At the mobile clinic, we assessed patient attendance and the clinician provided pre-treatment counselling in a group setting. Next, patients were sent to the laboratory technician for liver function and hematology tests. To minimize turn-around time, we made efforts to perform biochemistry and hematology tests in a single batch each day for all patients for a maximum of one hour and half between sample collection and result availability. Clinicians performed medical examinations that included physical consultations; nutritional status assessment through anthropometric measurements; evaluation of hepatitis C risk factors and patient family history; and assessment of extrahepatic manifestations such as skin rash, vasculitis, and co-morbidities. Clinicians used the liver function and hematology test results to calculate an Aspartate Aminotransferase to Platelet Ratio Index (APRI) score [17]. Patients with an APRI< 2 and no other clinical signs of decompensation received immediate treatment initiation. Patients with APRI score > 2 or other clinical signs of decompensation were referred to a specialist for liver ultrasound and hepatocellular carcinoma screening, per the national guidelines. Pregnant and breastfeeding women deferred treatment initiation until after they completed breastfeeding. Socio-demographic and clinical information were recorded in a paper-based patient file printed by the national hepatitis program. Overall, patients spent four to five hours at the mobile clinic to access all services. To facilitate patient follow-up, data from the hepatitis mass screening campaign and paper-based patient files were entered into a dedicated REDCap database used by PIH/IMB to manage hepatitis patients [18]. This study was approved by the Inshuti Mu Buzima Research Committee (IMBRC) and Rwanda National Ethics Committee (RNEC) 015/RNEC/2020) and all methods were performed in accordance with local guidelines and regulations. Because this study used retrospective data which was collected as part of routine clinical practice, informed consent was not obtained.

Data analysis

We identified the number of people with chronic hepatitis C who had initiated on DAAs prior to the mobile clinic using data extracted from patient registries located at Kirehe and Rwinkwavu district hospitals. We assumed any patient who initiated hepatitis C treatment in Kirehe between November 18th, 2019 and January 31st, 2020 or in Kayonza between December 12th, 2019 and January 31st 2020, was a beneficiary of the mobile clinic campaign. To estimate coverage of the mobile clinic campaign, we identified patients who were eligible for treatment initiation through the mobile clinic using data extracted from the REDCap database. We defined patients as eligible for treatment initiation through the mobile model if they were: a) living in the catchment area of a PIH/IMB-supported health facility in Kayonza or Kirehe district, b) either screened positive for hepatitis C before January 31st, 2020 or had viral load test results indicating a detectable viral load for hepatitis C dated prior to January 31st, 2020, and c) had not started treatment prior to the start of the mobile clinic campaign in each district.

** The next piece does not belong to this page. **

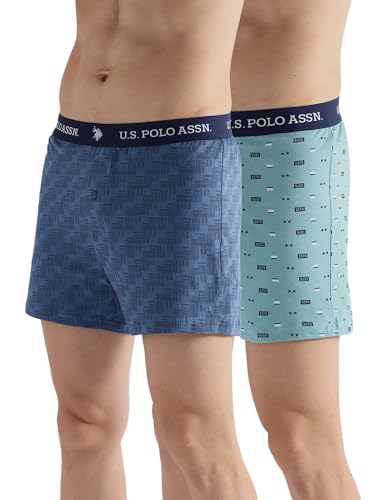 Image of U.S. Polo ASSN. Mens OEX09 Comfort Regular Fit Solid Boxers - Pack of 2
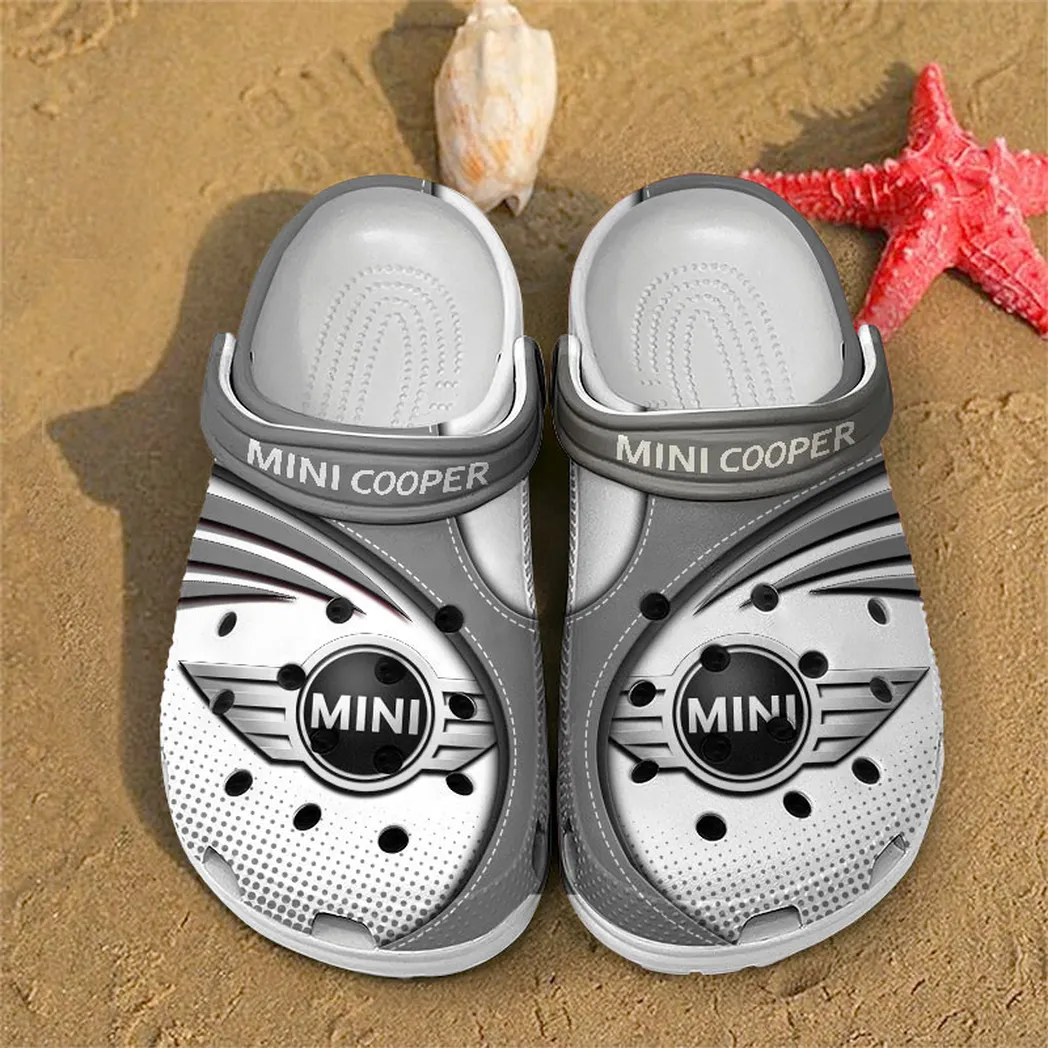 mini cooper crocs sandals for men women gift for mini cooper fan car181031525738 gray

We used demographic data collected during the mass screening campaigns to compare characteristics of eligible patients who were and who were not able to be linked to care through the mobile clinic campaign using a Pearson’s chi-squared test. We reported risk ratios and 95% confidence intervals comparing the probability of being reached by the mobile clinic among patients with and without telephone number information and among patients with and without complete information on their address, defined as having information listed on the district, sector, cell, and village. This contact information was assessed for completeness, not for accuracy. All statistical analyses were conducted using Stata v.15.1 (Stata Corp, College Station, TX, USA).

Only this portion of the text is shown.